-- Exercise material --
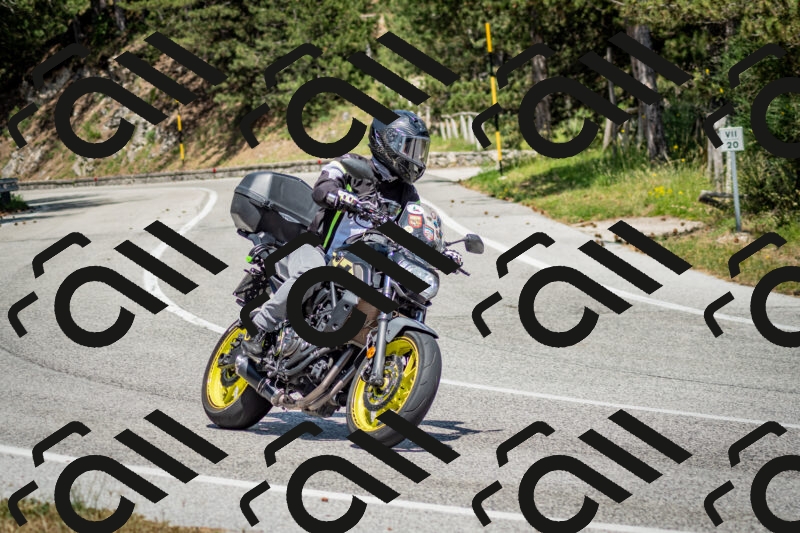 202506141431-DSC_8752_c2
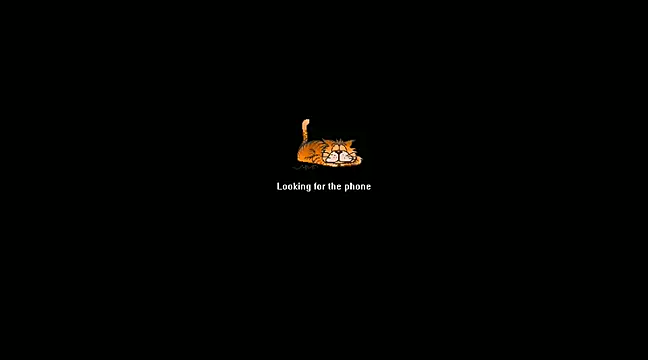 Leah yuah  online show from March 18, 3:53 am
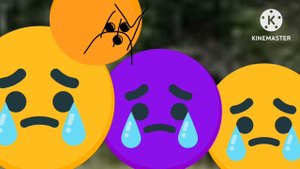 Приключения Смайлика и мамы пикник 2 сезон 17 серия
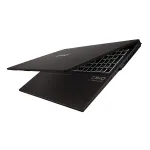Ноутбук Osio CyberLine C160i-003 (Intel Core i5 12600H 2.7 ГГц/16 ГБ DDR4 3200 МГц/16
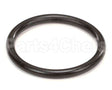 P02.033 Stoelting O-Ring (4125)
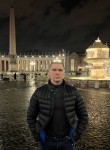 Сергей - Пушкино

-- Exercise directions --
Copy only this, please: the line with "Приключения Смайлика и" and every line after it through the end of the data, with no pictures.

-- Result of the task --
 Приключения Смайлика и мамы пикник 2 сезон 17 серия
Ноутбук Osio CyberLine C160i-003 (Intel Core i5 12600H 2.7 ГГц/16 ГБ DDR4 3200 МГц/16
 P02.033 Stoelting O-Ring (4125)
 Сергей - Пушкино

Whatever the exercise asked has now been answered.